BEGIN

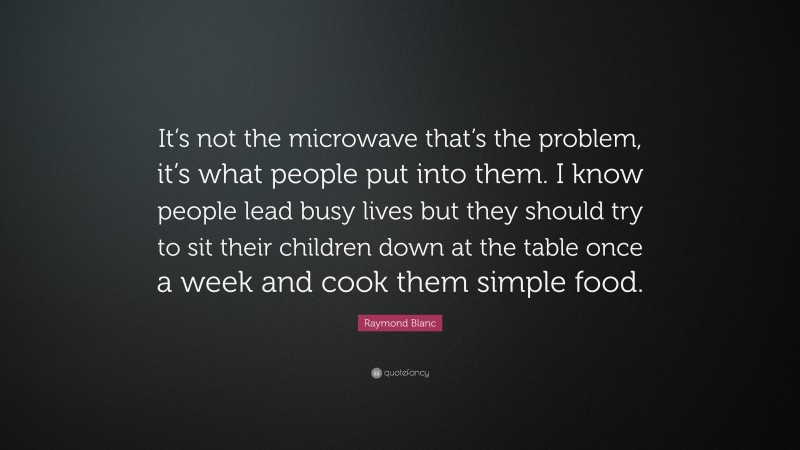 Raymond Blanc Quote: “It’s not the microwave that’s the problem, it’s what people put into them. I know people lead busy lives but they should try to sit their children down at the table once a week and cook them simple food.”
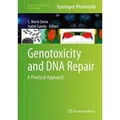 Genotoxicity and DNA Repair A Practical Approach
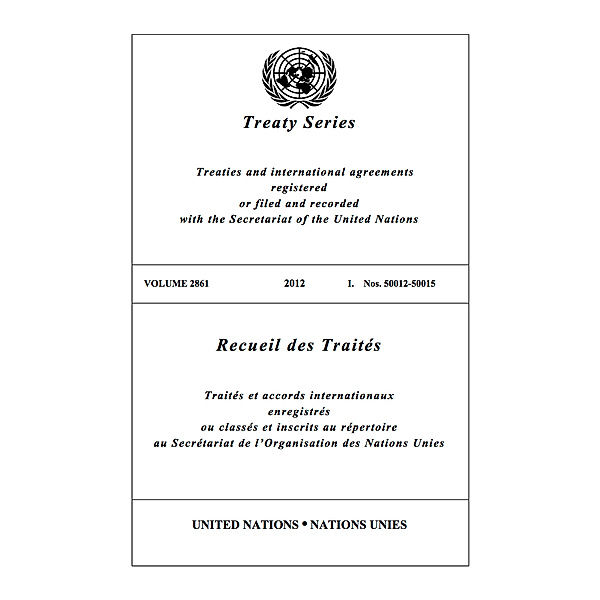 United Nations Treaty Series / Recueil des Traites des Nations Unies: Treaty Series 2861 / Recueil des Traités 2861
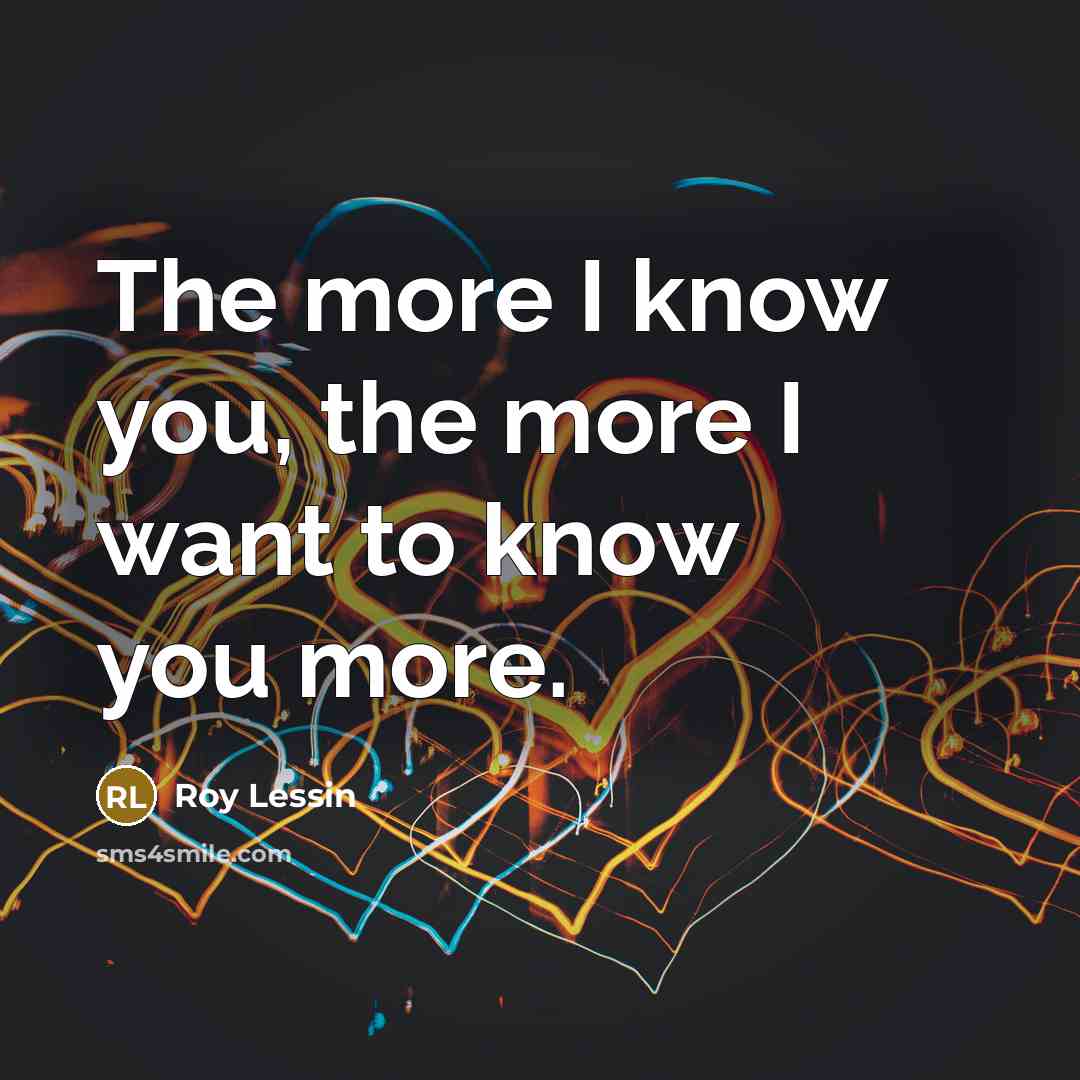 “The more I know you, the more I want to…” quote by Roy Lessin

END

# Exercise instructions
Copy the material exactly. Do not include the pictures.

# Answer for this exercise
 Raymond Blanc Quote: “It’s not the microwave that’s the problem, it’s what people put into them. I know people lead busy lives but they should try to sit their children down at the table once a week and cook them simple food.”
 Genotoxicity and DNA Repair A Practical Approach
 United Nations Treaty Series / Recueil des Traites des Nations Unies: Treaty Series 2861 / Recueil des Traités 2861
 “The more I know you, the more I want to…” quote by Roy Lessin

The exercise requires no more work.